C-Box+ addresses the schedule disparity constraint of the collegiate game by weighting each player's output by the strength of the opponents he faced, crediting production earned against strong competition more heavily than the same production against weaker competition.
This weighting is applied at the player level: using possession-level lineup data, C-Box+ measures the specific opponents each player shared the floor with and weights them by the time spent against each. As a result, two players on the same roster can be adjusted differently.
Collegiate Impact (C-Impact)
OvERVIEW
C-Impact is the on-court impact component of C-ARC. Where C-Box+ answers what an individual player is tangibly producing possession by possession, C-Impact answers a more abstract question: how much better does his team perform per 100 possessions when he is on the floor?
It is our implementation Regularized Adjusted Plus Minus (RAPM) a modify that has long been a primary method in contemporary advanced metrics for appraising player value. It captures much of the latent, intangible value the box score cannot, such as:
- rotations
- connectivity
- passing
- communication
- non-block rim protection
Technical Details
In the collegiate game, RAPM needs an abundance of samples and a great deal of care to properly isolate an individual, because the sample size simply is not there and the competitive environment is dramatically varied to normalize and standardize cleanly.
Quick Summary on how to build a RAPM: Like other proper implementations of RAPM, C-Impact was constructed from possession-level stints. Rather than relying on pre-aggregated lineup data, the season was reconstructed play by play, with lineups and substitutions rebuilt one by one from raw play-by-play data. Each unbroken stretch with the same ten players on the floor is a stint; a single game breaks down into roughly thirty of them. Across the 2025-26 season, computed over 384,000 stints across 6,317 games, each recording the players on both sides, the possessions, and the resulting margin, scaled to a per-100-possession basis. A ridge regression across every stint then solves for each player's individual effect on that margin, weighting longer stints more heavily and netting each player against both his teammates and his opponents. Detailed walkthrough: https://jeremiasengelmann.substack.com/p/nba-adjusted-plus-minus-how-to-build https://squared2020.com/2017/09/18/deep-dive-on-regularized-adjusted-plus-minus-ii-basic-application-to-2017-nba-data-with-r/
Whereas the NBA version of ARC and most public metrics lean on a box-score prior to stabilize the estimate, C-Impact anchors to relative team strength instead, a deliberate adaptation to the collegiate game. Because that prior is built from an opponent-adjusted team net rating, it also addresses schedule disparity from a second direction, inheriting the cross-conference adjustment baked into the rating.

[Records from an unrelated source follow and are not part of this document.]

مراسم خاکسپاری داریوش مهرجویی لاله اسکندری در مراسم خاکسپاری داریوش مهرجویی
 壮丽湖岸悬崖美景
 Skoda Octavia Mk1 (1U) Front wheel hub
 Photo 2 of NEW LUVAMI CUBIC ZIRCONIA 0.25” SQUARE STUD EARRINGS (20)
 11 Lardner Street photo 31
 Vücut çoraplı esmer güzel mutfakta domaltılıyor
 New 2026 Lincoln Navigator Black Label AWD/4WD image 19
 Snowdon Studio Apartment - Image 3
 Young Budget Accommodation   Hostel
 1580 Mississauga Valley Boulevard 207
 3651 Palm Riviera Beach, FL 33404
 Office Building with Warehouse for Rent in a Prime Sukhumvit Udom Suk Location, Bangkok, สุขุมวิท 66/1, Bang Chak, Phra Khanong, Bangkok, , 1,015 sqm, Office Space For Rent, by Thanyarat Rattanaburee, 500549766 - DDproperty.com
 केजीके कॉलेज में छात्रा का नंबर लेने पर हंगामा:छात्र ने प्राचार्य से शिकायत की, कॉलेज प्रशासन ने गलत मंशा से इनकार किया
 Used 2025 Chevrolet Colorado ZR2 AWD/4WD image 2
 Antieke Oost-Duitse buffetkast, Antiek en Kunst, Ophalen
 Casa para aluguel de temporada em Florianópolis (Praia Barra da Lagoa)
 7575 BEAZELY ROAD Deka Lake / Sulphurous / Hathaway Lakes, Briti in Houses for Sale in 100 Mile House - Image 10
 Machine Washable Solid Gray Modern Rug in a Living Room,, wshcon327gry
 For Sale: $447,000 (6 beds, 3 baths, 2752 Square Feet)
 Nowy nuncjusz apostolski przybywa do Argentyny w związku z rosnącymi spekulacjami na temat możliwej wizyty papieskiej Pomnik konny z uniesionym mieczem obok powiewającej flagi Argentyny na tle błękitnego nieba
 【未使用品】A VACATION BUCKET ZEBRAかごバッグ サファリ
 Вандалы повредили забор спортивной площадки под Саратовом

The point of a prior in RAPM's is to give the regression a standardized, objective foundation before the added abstraction and noise of the data. Standard RAPM's starts every player at zero, assuming each is league-average until the on-court signal proves otherwise.
Which requires a great deal of data to become meaningful, and in the collegiate game, where there is considerably less of it, league-average may not be the most effective starting point for capturing player value.
C-Impact incorporates the relative strength of a player's team to better handle schedule disparity, anchoring each player to a baseline drawn from how good his team was and how much he played, an approach that, as noted earlier, parallels Fischer's Bayesian Adjusted RAPM.
In practice, a player's prior is a function of two quantities: the strength of his team and his share of its minutes. It takes the team's adjusted net rating, scales it to a per-player magnitude, and weighs it by playing time, so that a player only inherits his team's expectation to the degree that he was actually on the floor.

Consider a thought experiment. Take two players and hold every data point equal. One plays heavy minutes for a top-15 team; the other plays the same minutes for a worse-performing high-major. C-Impact will rate the first player slightly higher. As before any of the noisy, small-sample on-court data arrives, it is fair to assume that a high-minute player on a strong team is the better of the two.
C-Impact is therefore not fully team-agnostic, and the estimate, at least in version 1.0, relies a great deal on the adjusted team rating it anchors to. That rating, for now, is CBBD's adjusted net rating which already adjust for difference in talent across conferences.
The Blend: C-ARC
C-Box+ is a grounded, granular, possession-by-possession valuation of a player's tangible production, weighted by their strength of opponents. Like most box-centric metrics, it cannot see a lot of the intangible value created on the court, such as rotations, off-ball defense, and rim protection that doesn't end in a shot or a block.
It creates a strong foundation for the added abstraction of C-Impact, a schedule-adjusted, priored RAPM that measures on-court impact, a metric that on its own is far too noisy and unstable to stand as an all-in-one rating in the collegiate game.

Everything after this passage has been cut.